Amigo de longa data, foi o professor Divino José da Silva, da Unesp de Presidente Prudente, quem me apresentou o livro “Um mapa da ideologia”, organizado pelo filósofo Slavoj Zizek. O livro me é útil para entender o que esta acontecendo na atual disputa ideológica sobre a sala de aula na escola pública.
O caso é complexo e irei apenas fazer alguns comentários. Como não sou muito fã de suspense, vou direto ao ponto. O paradoxo da disputa ideológica é que mesmo o lado contrário às ideologias carrega consigo um forte peso ideológico.
A disputa do momento no campo da educação é o seguinte: estão surgindo Brasil afora grupos de interesse em defesa dos princípios da “Escola Sem Partido”. Essas pessoas querem que os professores não ensinem mais as chamadas “doutrinações” políticas e ideológicas em sala de aula. Para tanto, esses grupos querem que os estados passem leis a seu favor. O Estado do Alagoas já passou lei com base na “Escola Sem Partido”. São Paulo esta discutindo.
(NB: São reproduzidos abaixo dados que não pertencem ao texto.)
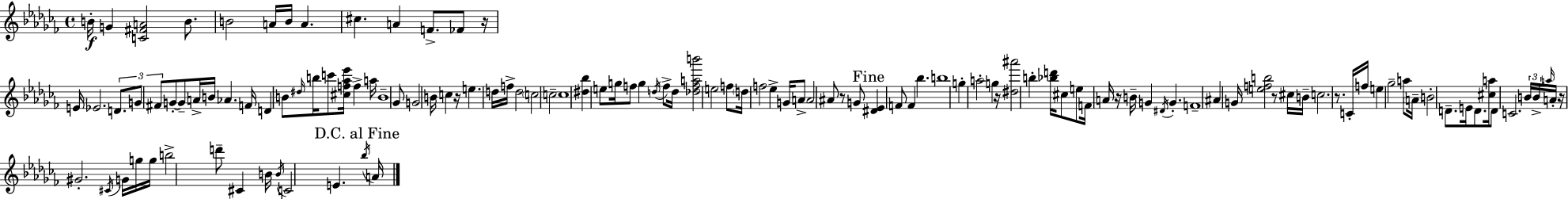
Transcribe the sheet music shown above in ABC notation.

X:1
T:Untitled
M:4/4
L:1/4
K:Abm
B/4 G [C^FA]2 B/2 B2 A/4 B/4 A ^c A F/2 _F/2 z/4 E/4 _E2 D/2 G/2 ^F/2 G/2 G/2 A/4 B/4 _A F/4 D B/2 ^d/4 b/4 c'/2 [^cf_a_e']/4 f a/4 B4 _G/2 G2 B/4 c z/4 e d/4 f/4 d2 c2 c2 c4 [^d_b] e/2 g/4 f/2 g d/4 f/2 d/4 [_dfab']2 e2 f/2 d/4 f2 _e G/4 A/2 A2 ^A/2 z/2 G/2 [^D_E] F/2 F _b b4 g a2 g z/4 [^d^a']2 b [_bd']/4 ^c/2 e/2 F/4 A/4 z/4 B/4 G ^D/4 G F4 ^A G/4 [efb]2 z/2 ^c/4 B/4 c2 z/2 C/4 f/4 e _g2 a/2 A/4 B2 D/2 E/4 D/2 [^ca]/4 D/2 C2 B/4 B/4 a/4 A/4 z/4 ^G2 ^C/4 G/4 g/4 g/4 b2 d'/2 ^C B/4 B/4 C2 E _b/4 A/4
Mais. Eles propuseram que a Base Nacional Comum Curricular, em discussão e desenvolvimento por especialistas do MEC (Ministério da Educação), saia das mãos dos especialistas e seja colocada à aprovação pelo Congresso Nacional.
Isso porque entende-se que a maioria dos especialistas da área da educação tem mais afinidade com valores sociais liberais. Então nada melhor do que tirar a educação das mãos desses “pecadores” e jogar as importantes decisões sobre a Base Nacional Comum Curricular no colo de um Congresso com forte tendência conservadora de cunho religioso.
Claro que tem a ver com partidos políticos. Mas o alvo principal desses conservadores se tornou a chamada teoria ou ideologia de gênero, que fundamentam as aulas de educação sexual nas escolas.
Na prática, essas pessoas defendem valores “conservadores” e desejam controlar o que e como ensinar. Isto é, querem que o ensino público gire ao redor dos seus valores morais. E quais seriam esses valores? Apesar de ser um especialista da educação e da filosofia da educação, por respeito, deixo a resposta ao Alexandre Frota.
Como disse no começo, essa história de “Escola Sem Partido” e a guerra contra as doutrinações políticas e ideológicas apenas esconde a ideologia dos grupos conservadores religiosos.
A escola pública deve ser determinada por valores democráticos e republicanos. Quem quiser consumir outros tipos de valor e ideologia, que abra a sua própria escola. Isso é possível graças à, entre outras coisas, uma escola pública pautada em valores democráticos e republicanos.